BTW, how much commissions the customer is paying for a life policy is disclosed under the Total distribution cost.

Anonymous said...

Hello REX comments as follows.
Mr Tan, i think you opened a can of worms.
"How much commission should one get?"... hmm

Let me quote another crazy example, i think it is ridiculous that housing agents commissions are typically , 1% of sale price when they are doing the same amount of work selling a $300,000 house or a $2,000,000 house.

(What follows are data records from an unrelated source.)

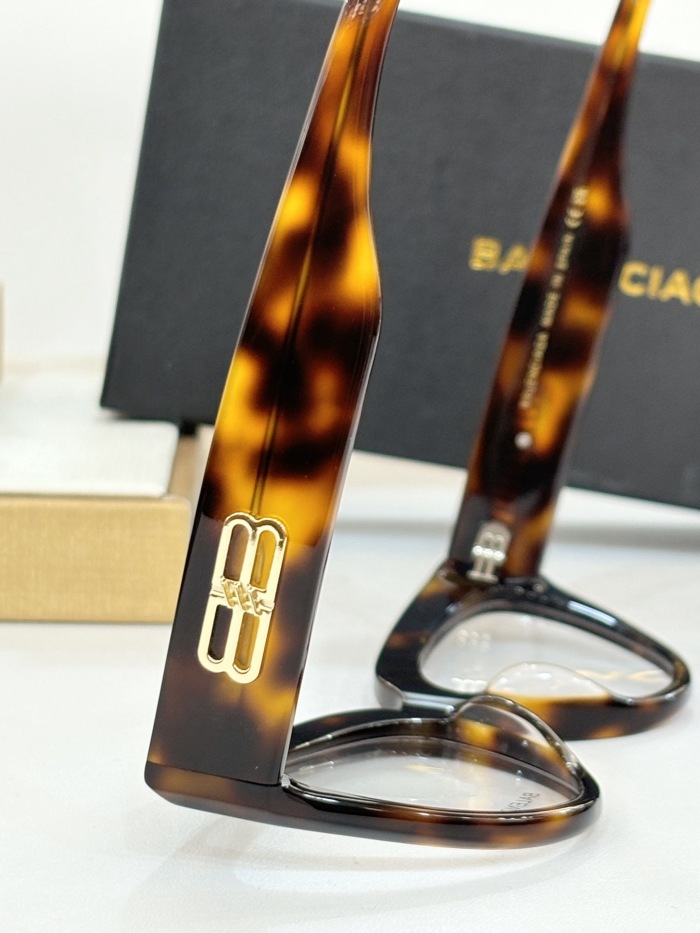 Top Quality B*alenciaga Glasses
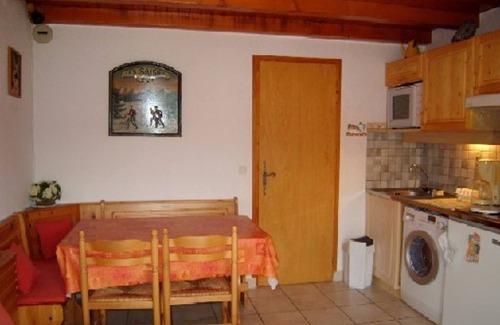 Crest-Voland Apartment | Modern Apartment for 5 with Balcony, Close to Ski Slopes, Crest-Voland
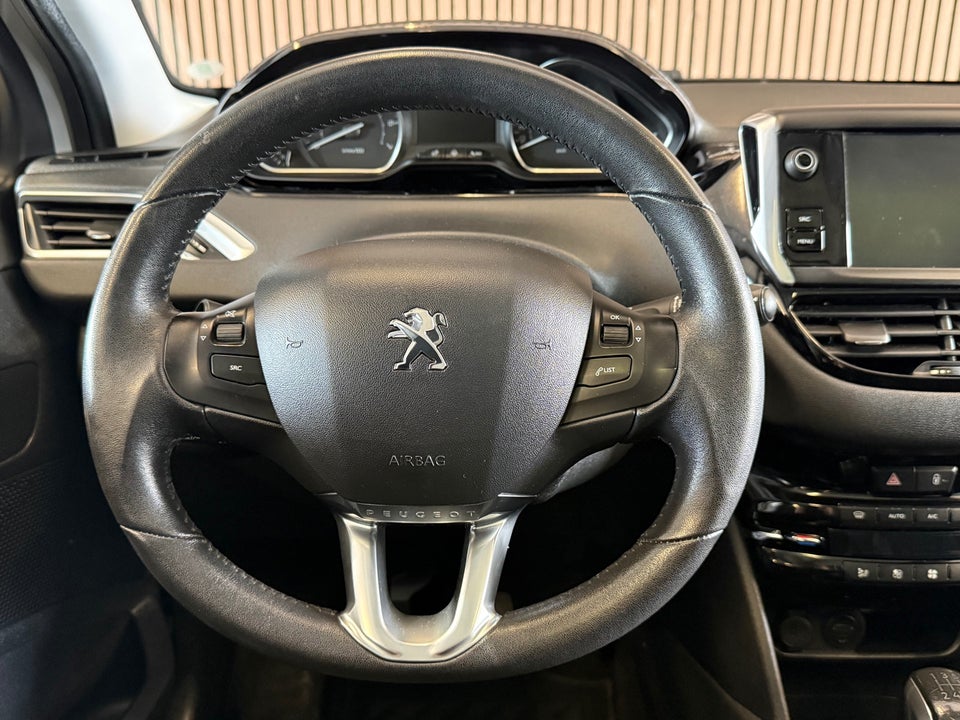 Peugeot 208 1,2 VTi Allure Sky 5d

It is ridiculous, the agent spent the same advertising efforts, spent the same incidental costs to advertise and sell whether the cheaper house or the expensive house, but in one case he pocket $3,000 in the other case he pocket $20,000. Maybe the only difference is the agent has to wear a tie and put a Prada jacket selling the $3m house... that's the only extra incidental costs....

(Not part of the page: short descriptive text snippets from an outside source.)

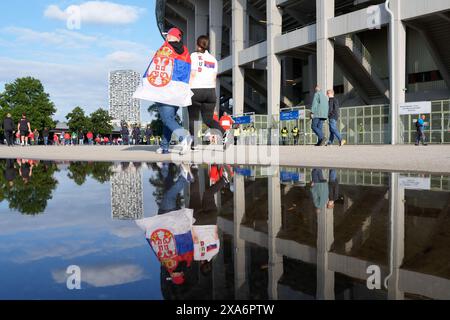 WIEN, WIEN - 4. JUNI: Fans Serbiens beim internationalen Freundschaftsspiel zwischen Österreich und Serbien im Ernst Happel Stadion am 4. Juni 2024 in Wien, Österreich.240604 SEPA 19 094 - 20240604 PD11303 Stockfoto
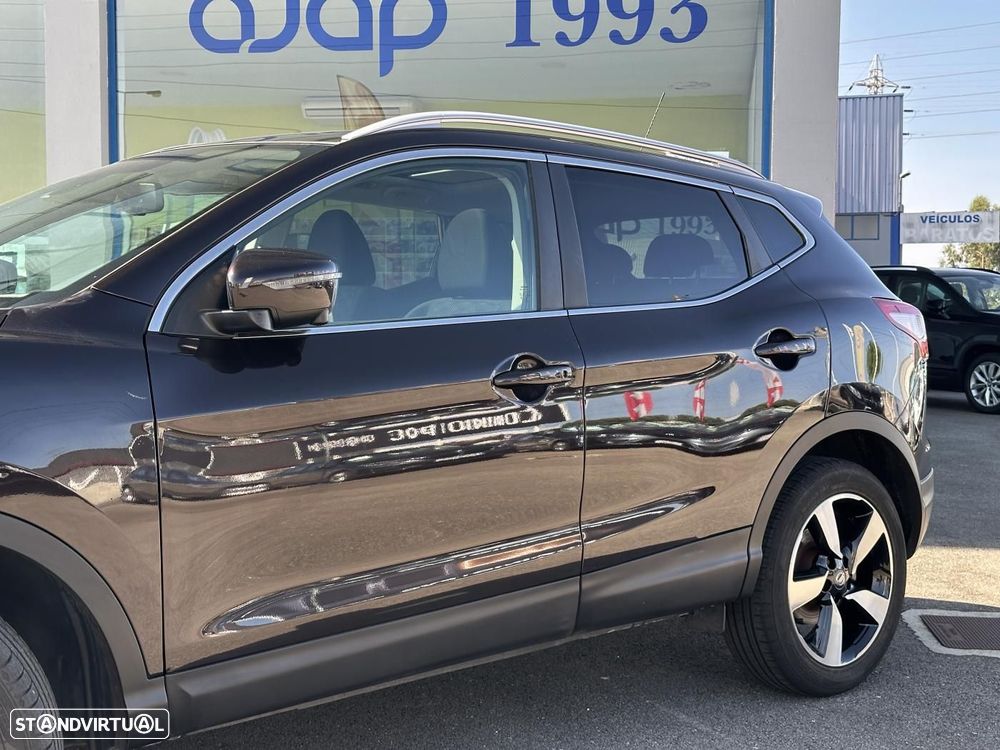 Nissan Qashqai 1.5 dCi N-Connecta - 4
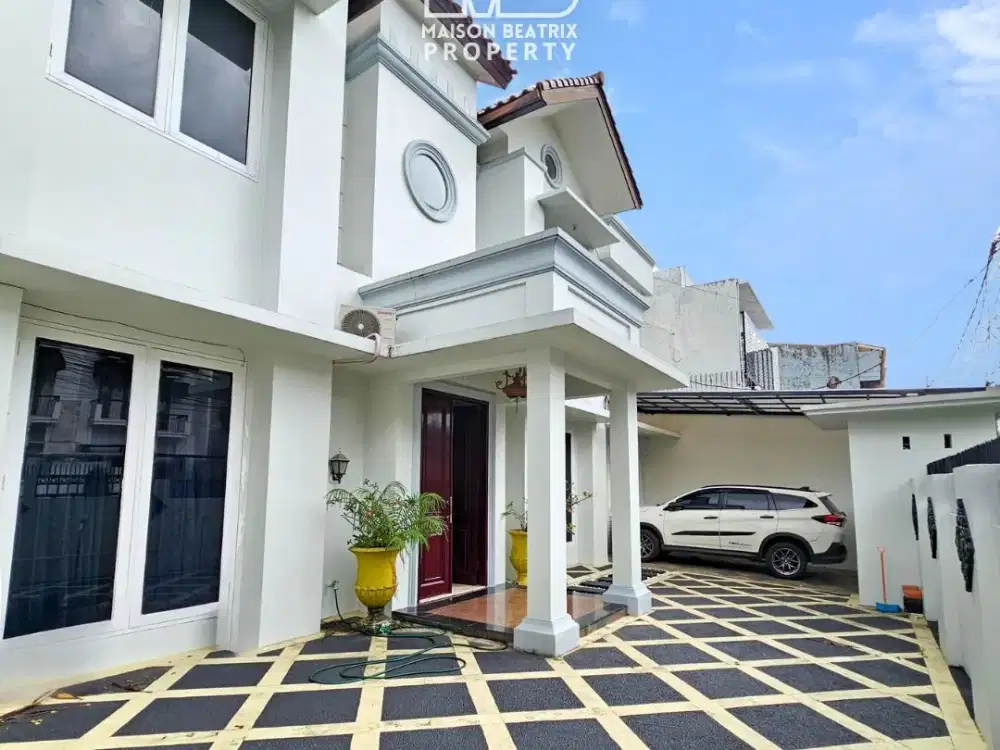 DIJUAL RUMAH KALANGAN SULTAN SIAP PAKAI ADA PRIVATE POOL SIAP NEGO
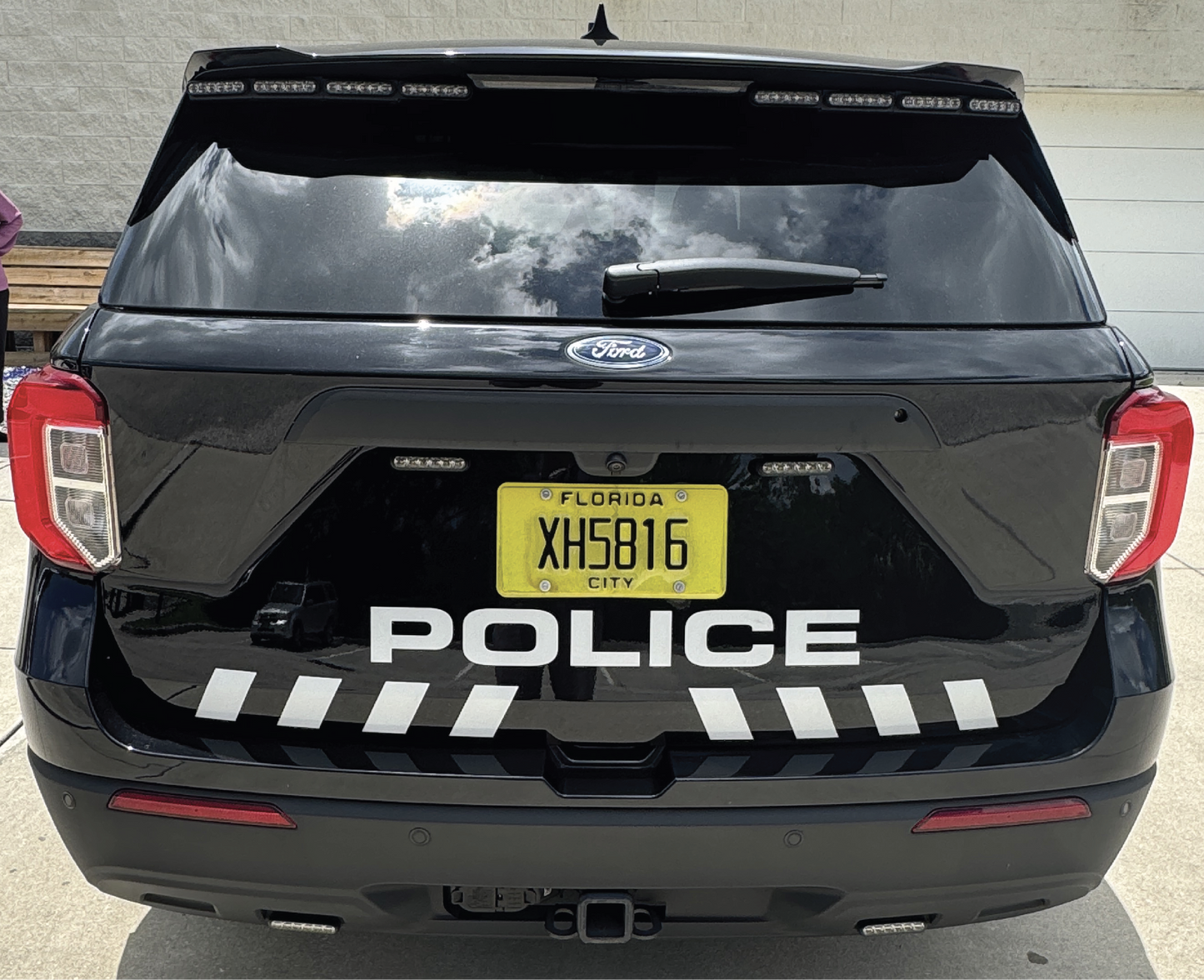 WMPD Partol car Rear (POLICE & Square Graphics)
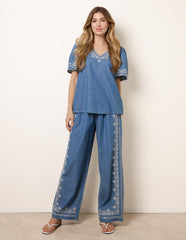 Floral Embroidery Wide-Leg Trousers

I don't understand at all, but this is allowed in Singpaore. There are numerous examples in other areas too i think, it is the law of the jungle!! There should be some regulation to relate commissions to the efforts put in, not just the sale price. But this is controversial, a can of worms as i said... lol.

REX

Anonymous said...

To anonymous-August 10, 2009 1:05 PM
1. What are the percentage of your clients in which you need to spend 40 hrs per round of review? Or for that matter 20 hrs per round of review? (Even at 3 hrs/session, it would be more than 6 sessions!)

2. What is the percentage of time analysing/finding out the clients' needs versus the time "convincing" the client to buy the product you recommend?

3. What's the amount of time you spend explaining the limitations and drawbacks of your recomendations to you clients?

4. Is the effect of reduction in yield being clearly explained to clients in terms of dollar returns at the end of a 10-yr, 20-yr, 30-yr period?

Tan Kin Lian said...

If the insurance agent earns $1,000 by selling a policy, he can afford to spend 40 hours to convince the client. If he or she earns $100 per policy, he will find a way to sell the policy in 4 hours. I think that $100 to $300 is a fair amount to sell a policy - not $1,000.